Had you passed pointers, but not dereferenced, like so...

swap(&x, &y);

void swap(int *a, int *b)
{
   int *t;

   t = b;
   b = a;
   a = t;
}

Now the memory address of x and y are copied to a and b. a points to the same memory as x, b points to the same memory as y. But b = a swaps these addresses between a and b to no effect on x and y.

swap(&x, &y);

void swap(int *a, int *b)
{
   int t;

   t = *b;
   *b = *a;
   *a = t;
}

The memory address of x and y is still copied to a and b. a has the address of x, b has the address of y. *b = *a changes the value of the memory they point to, the same as y and x. It is effectively y = x. x and y see the change.

Answer 2

Consider the following program

#include <stdio.h>

void f( int x )
{
    x = 20;
    
    printf( "Within f( int ) x = %d\n", x );
}

int main(void) 
{
    int x = 10;
    
    printf( "Before call of f( int ) x = %d\n", x );
    
    f( x );
    
    printf( "After  call of f( int ) x = %d\n", x );
    
    return 0;
}

The program output is

Before call of f( int ) x = 10
Within f( int ) x = 20
After  call of f( int ) x = 10

As you can see the variable x declared in main was not changed by calling the function.

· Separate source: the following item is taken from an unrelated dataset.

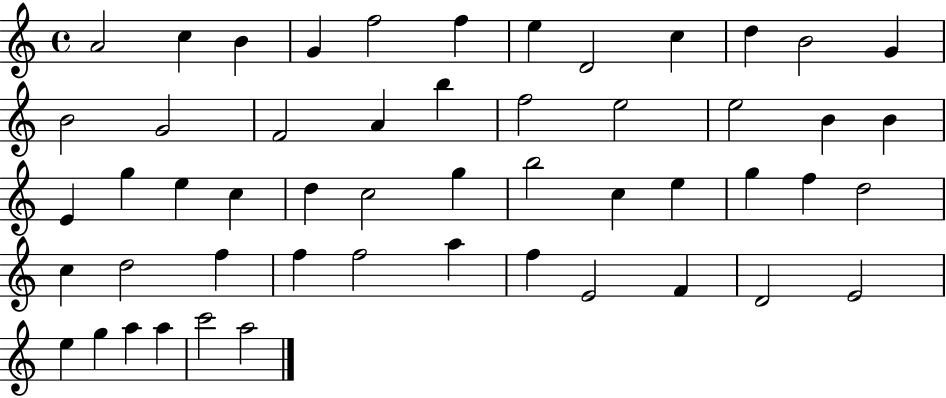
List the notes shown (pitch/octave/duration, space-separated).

A4/h C5/q B4/q G4/q F5/h F5/q E5/q D4/h C5/q D5/q B4/h G4/q B4/h G4/h F4/h A4/q B5/q F5/h E5/h E5/h B4/q B4/q E4/q G5/q E5/q C5/q D5/q C5/h G5/q B5/h C5/q E5/q G5/q F5/q D5/h C5/q D5/h F5/q F5/q F5/h A5/q F5/q E4/h F4/q D4/h E4/h E5/q G5/q A5/q A5/q C6/h A5/h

The variable x was passed to the function f by value. That is the function parameter x (another variable that has the function block scope) was initialized by the value of the variable x declared in main.

So the function changed its local variable (parameter) x. The variable x declared in main stays unchanged.

You can imagine the function definition and its call the following way

f( x );

//...

void f( /*int parameter_x*/ )
{
    int parameter_x = x;

    patameter_x = 20;
    
    printf( "Within f( int ) patameter_x = %d\n", patameter_x );
}

To change the variable x declared in main you have to pass it by reference. In C passing by reference means passing an object indirectly through a pointer to it.

Here is a demonstrative program.

#include <stdio.h>

void f( int *px )
{
    *px = 20;
    
    printf( "Within f( int ) x = %d\n", *px );
}

int main(void) 
{
    int x = 10;
    
    printf( "Before call of f( int ) x = %d\n", x );
    
    f( &x );
    
    printf( "After  call of f( int ) x = %d\n", x );
    
    return 0;
}

The program output is

Before call of f( int ) x = 10
Within f( int ) x = 20
After  call of f( int ) x = 20

Dereferencing the pointer px

    *px = 20;

the function gets a direct access to the pointed object that is to the object x declared in main.

So if you want to exchange values of two variables declared in main within a function like swap you need to pass the corresponding objects by reference to the function. Otherwise the function will deal with copies of values of the variables declared in main.

Answer 3

Abstracting from dupe this swap has minimal sense. Use macro:

#define SWAP(a,b,type) do{type c__c__c; c__c__c = (a); (a) = (b); (b) = c__c__c;}while(0)